Having gained some notoriety at Sundance earlier this year (where word quickly spread of a ‘Daniel Radcliffe farting corpse movie’, as well as audience walkouts), the quirky and perhaps difficult nature of Daniel Scheinert and Daniel Kwan’s Swiss Army Man preceded its arrival in the UK… though I dare say it will still have surprised many a casual cinemagoer upon general release last month. Radcliffe – doing all he can to lose his Harry Potter heritage at the present time – does indeed star as a farting corpse, later christened ‘Manny’, who washes up on the shoreline at the exact point that apparent castaway Hank (Paul Dano) is about to commit suicide. In a bizarre opening sequence that sets the tone for much of the action that follows, Hank realises that he may be able to harness Manny’s flatulence, and subsequently attempts to ride the trumping cadaver like a flesh jet ski across the ocean, back to civilisation. Hank fails, but the appearance of Manny seems to give him a renewed sense of hope, and optimism; and the dead body is also a welcome source of company for the lonely survivor. At first Manny’s social interaction only extends as far as breaking wind, but with Hank’s encouragement the corpse begins to reanimate in other ways, first starting to talk before later developing to the point that he begins to echo Hank’s longing for a woman (Mary Elizabeth Winstead) who features heavily in Hank’s memories and who appears in photos on Hank’s phone.

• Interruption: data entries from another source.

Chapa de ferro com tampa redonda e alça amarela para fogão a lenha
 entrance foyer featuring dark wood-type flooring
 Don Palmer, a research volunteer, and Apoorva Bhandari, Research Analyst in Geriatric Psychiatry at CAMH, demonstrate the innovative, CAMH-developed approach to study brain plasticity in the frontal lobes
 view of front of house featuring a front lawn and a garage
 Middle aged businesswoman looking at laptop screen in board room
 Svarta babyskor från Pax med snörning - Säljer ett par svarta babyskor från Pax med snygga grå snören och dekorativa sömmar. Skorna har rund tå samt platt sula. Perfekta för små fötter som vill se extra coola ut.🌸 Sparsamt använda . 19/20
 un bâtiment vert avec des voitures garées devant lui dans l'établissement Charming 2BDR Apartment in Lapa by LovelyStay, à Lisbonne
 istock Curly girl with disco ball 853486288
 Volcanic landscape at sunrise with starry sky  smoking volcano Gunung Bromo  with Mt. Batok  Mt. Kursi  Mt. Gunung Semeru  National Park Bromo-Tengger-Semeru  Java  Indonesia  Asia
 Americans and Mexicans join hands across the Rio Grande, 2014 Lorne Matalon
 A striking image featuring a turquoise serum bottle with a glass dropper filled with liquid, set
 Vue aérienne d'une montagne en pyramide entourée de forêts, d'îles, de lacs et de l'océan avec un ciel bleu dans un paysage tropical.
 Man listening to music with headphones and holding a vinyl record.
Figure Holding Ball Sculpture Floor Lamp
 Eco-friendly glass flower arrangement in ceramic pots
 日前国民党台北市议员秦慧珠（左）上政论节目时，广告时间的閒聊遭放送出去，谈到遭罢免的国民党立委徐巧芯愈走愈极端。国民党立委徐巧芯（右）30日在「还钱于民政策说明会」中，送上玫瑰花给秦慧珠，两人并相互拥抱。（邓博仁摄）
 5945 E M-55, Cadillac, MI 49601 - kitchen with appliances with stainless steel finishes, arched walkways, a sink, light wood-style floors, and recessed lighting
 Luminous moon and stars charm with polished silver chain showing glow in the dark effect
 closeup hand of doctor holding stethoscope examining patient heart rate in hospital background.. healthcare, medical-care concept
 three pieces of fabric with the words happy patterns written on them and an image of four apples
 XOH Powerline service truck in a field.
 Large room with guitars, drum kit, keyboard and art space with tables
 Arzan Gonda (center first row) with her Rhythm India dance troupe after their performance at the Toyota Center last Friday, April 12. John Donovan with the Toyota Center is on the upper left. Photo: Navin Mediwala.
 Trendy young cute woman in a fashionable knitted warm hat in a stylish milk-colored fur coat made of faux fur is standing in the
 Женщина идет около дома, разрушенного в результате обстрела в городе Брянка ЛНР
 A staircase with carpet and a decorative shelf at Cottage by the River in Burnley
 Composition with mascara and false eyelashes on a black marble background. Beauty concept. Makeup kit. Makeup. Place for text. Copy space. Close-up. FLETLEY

There are plenty of silly and immature (and funny) jokes here, especially during the scenes in which ‘Swiss army man’ Manny is put to good use, aiding Hank’s survival in all sorts of bizarre ways. When the corpse gets an erection after looking at a Sports Illustrated-style magazine of women in swimsuits, for example, Hank spontaneously decides that the tall, proud, dead man’s stiffy can double as a useful compass that will lead them back to civilisation; and he later turns Manny into a makeshift hunting weapon, bending him over double and applying pressure to fire gas-powered buckshot at passing critters. Hank also constructs a wooden replica of a bus that he used to ride every day, before he ended up lost: we see the real bus in flashbacks, and that the mysterious woman in the photos was a regular passenger. Yet what are we to make of Hank’s decision to fashion a dress and a wig so that he can play the role of the woman in his re-staged fantasies, and what are we to make of him tutoring Manny to be decisive and forward when approaching ‘her’? And is he really trying to get back to civilisation?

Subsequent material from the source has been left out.